Pruning fruit trees seems intimidating at first, but for the most part it’s tough to screw up. Apple trees actually like to be pruned hard; I live in orchard country and have driven by many grower’s operations after pruning time. Most look like they’d been strafed by a giant chainsaw, yet they still yield bumper crops of apples come fall. Some pruning guides I’ve read recommend removing 30 to 40 percent of a tree’s profile annually, so unless you go really crazy, it’s tough to over-cut.
My apple-growing buddies tell me to focus on removing two types of limbs. The first, and probably most important on wild trees, are those growing close to the trunk. Second, lop off vertically-growing branches; like most trees, apples like to stretch skyward and by discouraging this growth (which will be an annual process, by the way), you can train the tree to grow low, horizontal branches with fruit that’s easier to access, for both deer and humans.
5. Clear some serious shooting lanes.
When we hang stands in the fall, most of us are careful about trimming lanes because we want minimize the disturbance in the area. But invariably, you crawl up in the stand and spot a limb, or several, that could spoil a shot in a hurry—hich is the same limb that any buck that does show up is then bound to stop behind.
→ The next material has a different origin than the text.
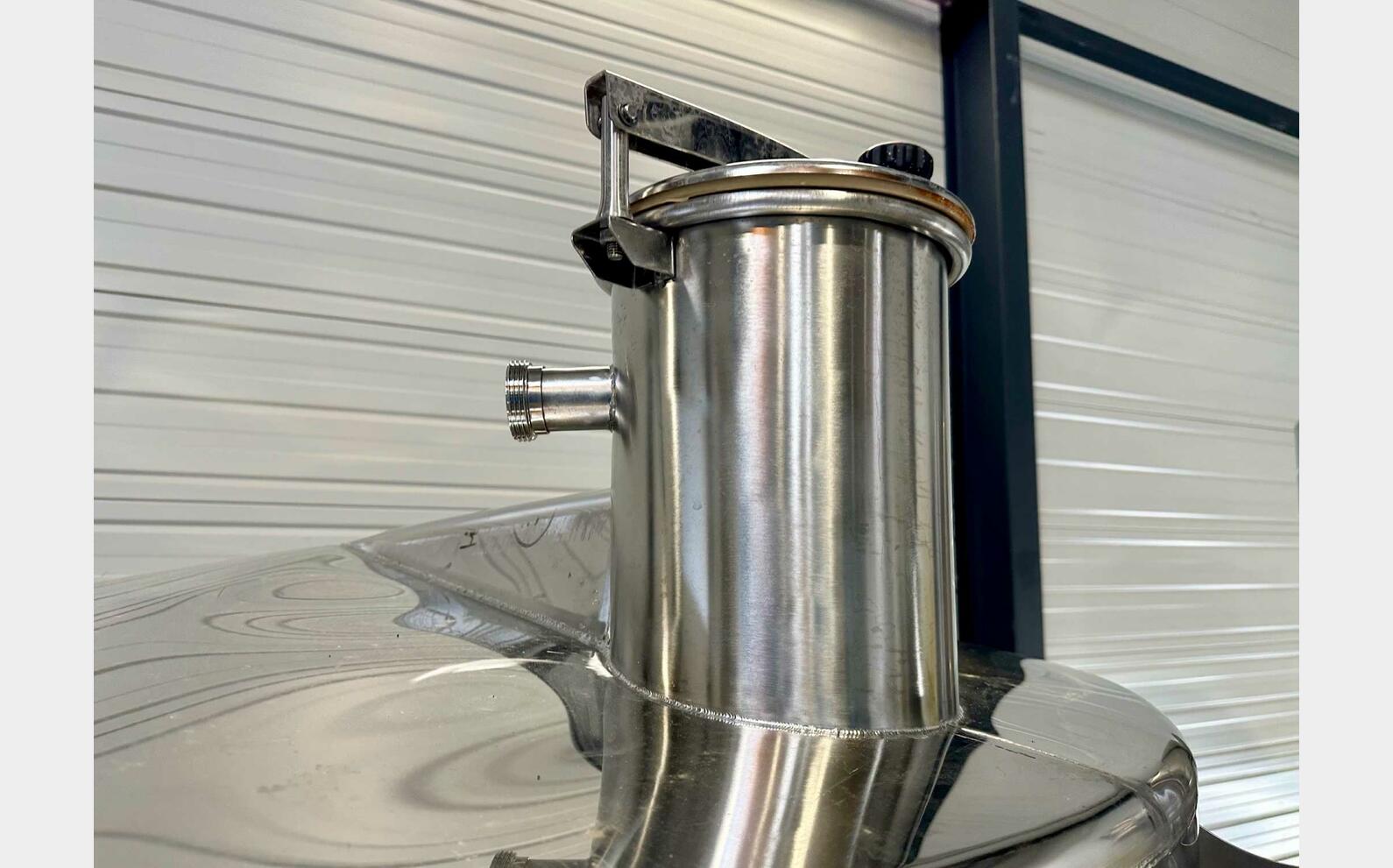 Cuve inox 316L - Circuit serpentin 25.4 HL (2 547 litres) ARSILAC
Now is the time to fix that. Visit those top stand sites, fire up your saw, and do a proper job of creating shooting lanes. This is one of the best times to go into thick areas and take out small trees and brush clumps. Obviously the racket your saw makes will have zero effect on deer movement come fall, and you’ll be able to remove saplings that could sprout new growth over the summer. Two solid hints here. First, take a partner and have him sit in the stand and guide you to stuff that needs to come out; this will reduce the number of trees you’ll need to take down. Second, cut trees close to the ground as possible; I typically hunt areas hunted by others, and leaving stumps can tip off folks to my stand, or at least to my hotspot. Come fall, I want it to myself, so I can put my shooting lanes to work.